Teaching SCUBA can be challenging for many reasons. People come to SCUBA diving for adventure, for healing, or for nature, and are often quelled from their pursuit by their own bodies and minds. As a SCUBA instructor, I try to help students get past mental anxieties, physical impairments and scheduling conflicts. But the most challenging aspect is teaching to instill a sense of wonder and respect for the sea, regardless of why a person came to SCUBA.

I became a SCUBA instructor because I love diving, I love spending time with divers, and I love to show people the ocean that I love. There’s a lot of love in that sentence, and because its something that I feel so strongly about, it doesn’t always feel like work. As a diver, the time I spend in the ocean makes me a better person, and makes me appreciate the planet I live on. Because this is why I dive, this is the lesson I want to pass on to my students.
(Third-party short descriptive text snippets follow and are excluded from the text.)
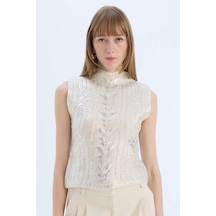 DeFacto Regular Fit Yarım Balıkçı Yaka Parlak Triko Süveter E5571AX24CWER105 Ekru
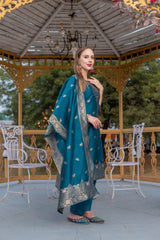 TEAL COLOURED TREDITIONAL WEAR KURTA SET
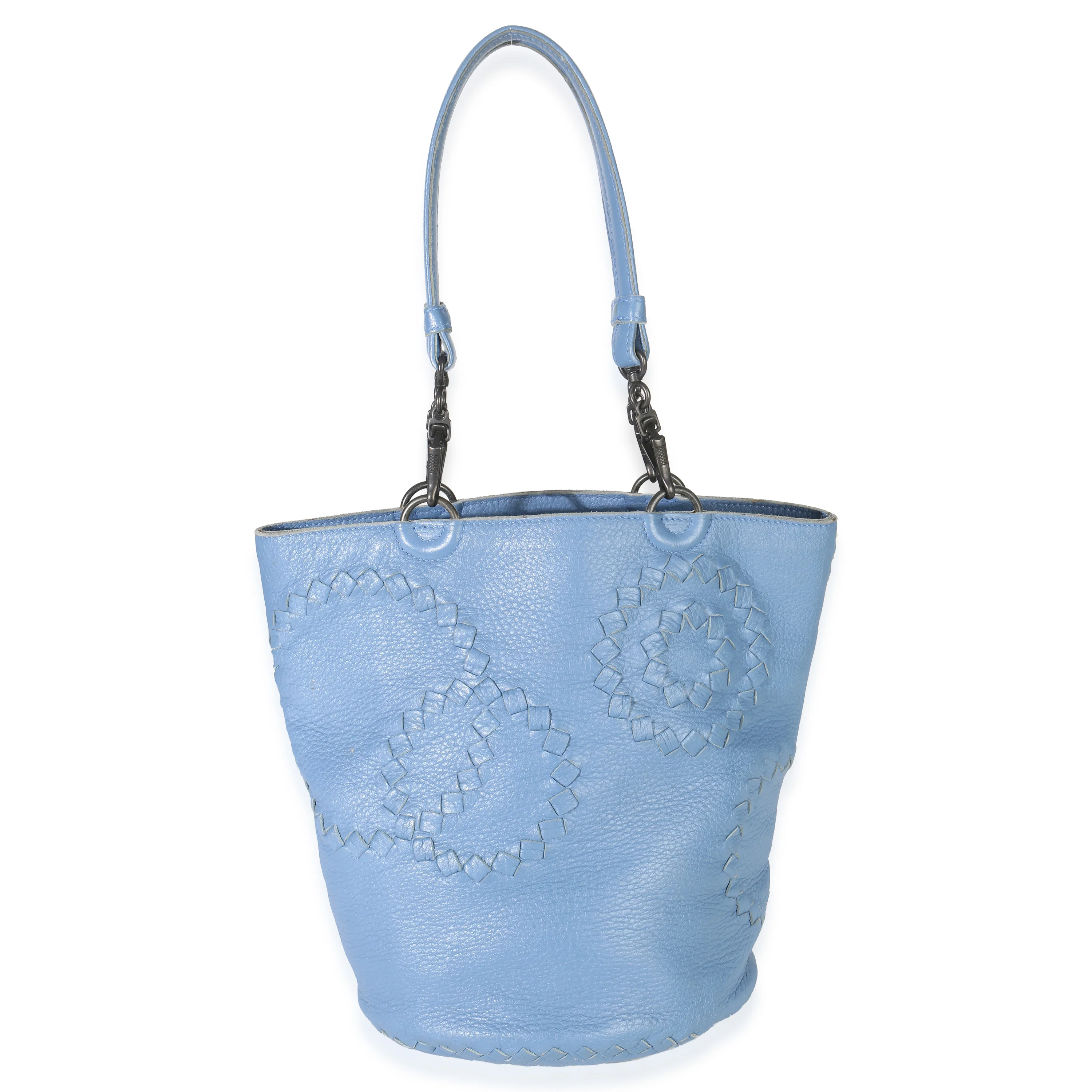Blue Intrecciato Trimmed Cervo Small Bucket Bag - Image 4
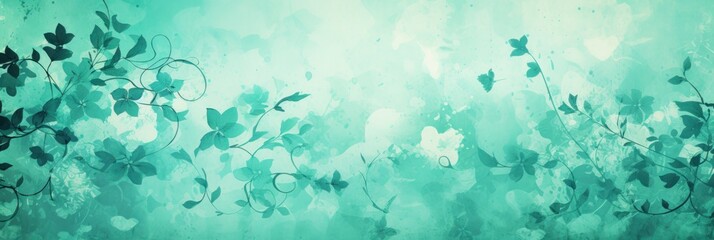 mint abstract floral background with natural grunge textures - obrazy, fototapety, plakaty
“The more clearly we can focus our attention on the wonders and realities of the universe about us, the less taste we shall have for destruction.”-Rachel Carson
My job is keep you safe, to teach you to never hold your breath, and to understand the physics of pressure changes. But it is also my job to show you what I love, incite your excitement, and to pass on the torch to protect the very thing that keeps us alive and breathing.

Here’s to another year of teaching, unheard cheerleading through my regulator, and seeing the spark of passion through masks underwater,
-merbabe
One more important quote from Rachel Carson. If I, and others who feel the same, can’t incite people to adore the ocean;
“It is a curious situation that the sea, from which life first arose should now be threatened by the activities of one form of that life. But the sea, though changed in a sinister way, will continue to exist; the threat is rather to life itself.”
Could not agree more. I feel like diving for me is like church to others. I am refilled after every dive. Teaching students to get outside their head and to see the little things going on around them is the biggest challenge. Very well said, Merbabe!